Burns’s language and poetic methods seem to distract only the impatient among his readers. To begin with, he believed that the vernacular ought never to be seen as low or harsh, or even as prostituted English. Rather, Burns came to know and to understand the Scots dialect and to manipulate it for his own poetic purpose. At the outset, he claimed to have turned his back upon formal bodies of knowledge, upon books, and to have taken full advantage of what he termed “Nature’s fire” as the only learning necessary for his art. Nature may have provided the attraction toward the Scots dialect, but Burns himself knew exactly what to do with it.
Close attention to his letters and to the details of his life will yield the steps of his self-education. He read Thomas Salmon’s Geographical and Historical Grammar (1749) and a New System of Modern Geography, History, and Modern Grammar (1770), by William Guthrie (1708-1770), both of which provided descriptions and examples of Scotland’s traditions and language, although nothing of poetic contexts. Then he turned to Jethro Tull (1680-1740), the Hungerford farmer and inventor, who wrote several volumes on the general subject of “horse-hoeing husbandry” (1731-1739), and to the Reverend Adam Dickson of Edinburgh, who wrote A Treatise on Agriculture (1762, 1765, 1769) and the two-volume The Husbandry of the Ancients (1788). Thus, Burns was well versed in the specifics of rural Scotland by the time he discovered his most helpful source, the poetry of Robert Fergusson, who had managed successfully to capture the dialect of enlightened Edinburgh.

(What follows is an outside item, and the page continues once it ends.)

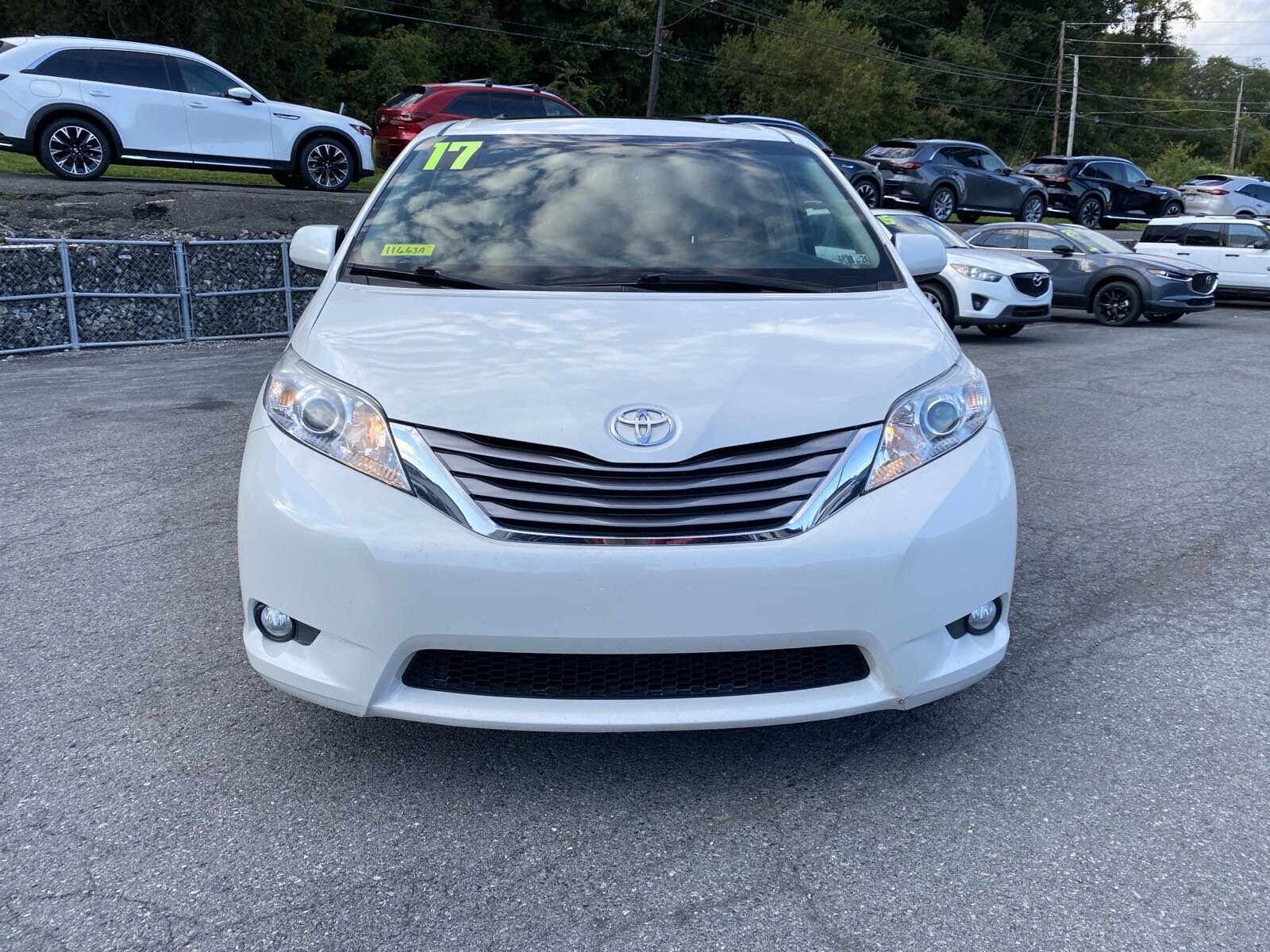 Used 2017 Toyota Sienna XLE with VIN 5TDDZ3DC5HS179190 for sale in Northumberland, PA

Burns had his models, and he simply shifted the sounds and the scenes from Scotland’s capital to rural Ayrshire.
Poems
To simplify matters even further, Burns himself had actually stood behind the plow. Little wonder, then, that the Kilmarnock edition of the Poems succeeded on the basis of such pieces as “The Twa Dogs,” “The Holy Fair,” “Address to the Deil,” “Halloween,” “The Cotter’s Saturday Night,” “To a Mouse,” and “To a Mountain-Daisy.” Burns had effectively described Scottish life as Scots themselves (as well as those south of the Tweed) had come to know it. More important, the poems in that initial collection displayed to the world the poet’s full intellectual range of wit and sentiment, although his readers received nothing that had not already been a part of their long tradition. Essentially, the Edinburgh edition of the following year gave the world more of the same, and Burns’s readers discovered that the poet’s move from Ayrshire to Edinburgh had not changed his sources or his purpose. The new poems—among them “Death and Dr. Hornbook,” “The Brigs of Ayr,” “Address to the Unco Guid,” “John Barleycorn,” and “Green Grow the Rushes”—still held to the pictures of Scottish life and to the vernacular, still held to the influence of Robert Fergusson’s Scots Poems (1773).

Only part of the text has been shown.